5. Data Familiarization: It's important to understand the meaning and context of the data attributes. This step involves studying the metadata, data dictionaries, or any available documentation to gain insights into the semantics of the data. Domain knowledge or consultation with subject matter experts can also be useful in interpreting the data.

6. Identify Data Relationships: During this phase, you investigate the relationships between different data attributes or variables. This can be achieved through correlation analysis, data profiling, or exploratory data analysis techniques. Understanding these relationships can help you formulate appropriate hypotheses for modeling.

7. Data Sampling: Depending on the size and complexity of the data, you may choose to create a representative sample to work with. Sampling can help reduce processing time and resource requirements while still providing reliable insights.

By completing these steps, you develop a comprehensive understanding of the data you're working with. This knowledge serves as a solid foundation for subsequent phases of the CRISP-DM methodology, such as data preparation, modeling, and evaluation.

### A real life scenario

Let's consider a real-life example of data understanding in the context of customer relationship management (CRM) for an e-commerce company:

1. Initial Data Collection: The company collects various types of customer data, such as purchase history, demographics, website browsing behavior, and customer support interactions. These data sources include transactional databases, web analytics tools, and customer service logs.

2. Describe Data: The collected data includes information such as customer ID, purchase amount, product categories, customer age, gender, website clickstream data, and customer feedback. The data consists of millions of records and spans multiple years.

3. Explore Data: Through data exploration techniques, the company discovers that certain product categories are frequently purchased together, and there is a higher propensity for repeat purchases among customers who engage with personalized recommendations on the website.

4. Verify Data Quality: The company examines the data for any data quality issues. They identify missing values in the customer age field and handle them by imputing values based on statistical methods. They also find some duplicate customer records and remove them from the dataset.

5. Data Familiarization: The company reviews the metadata and data dictionaries to understand the meaning of each attribute. They find that some attributes require further clarification, so they consult with the customer support team to gain a better understanding of the data semantics.

6. Identify Data Relationships: By performing correlation analysis, the company discovers that customer age is positively correlated with the average purchase amount, indicating that older customers tend to spend more.

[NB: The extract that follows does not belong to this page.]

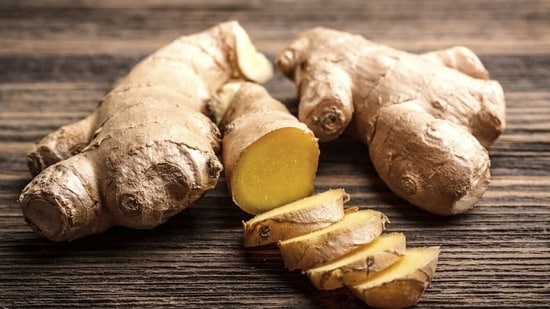 Ginger: It contains more than 100 active compounds, such as gingerol, shogaol, zingiberene, and zingerone, to name a few. These are likely responsible for its health effects, including helping reduce inflammation in the body.(Pixabay)
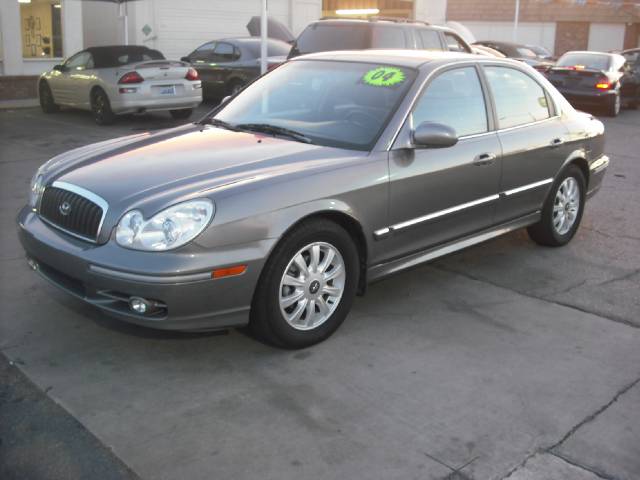 Hyundai Sonata SL Sedan Sedan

They also observe a negative correlation between website page load time and conversion rates, highlighting the importance of optimizing website performance.

7. Data Sampling: Given the large dataset, the company decides to create a representative sample of customers for a specific analysis. They randomly select 10,000 customer records to work with, ensuring that the sample retains the key characteristics and patterns present in the full dataset.

By going through these steps, the company gains a deep understanding of their customer data, identifies valuable insights, and addresses data quality issues. This understanding enables them to proceed with data preparation, modeling, and ultimately, leveraging the insights for effective customer relationship management strategies, such as personalized marketing campaigns or targeted recommendations.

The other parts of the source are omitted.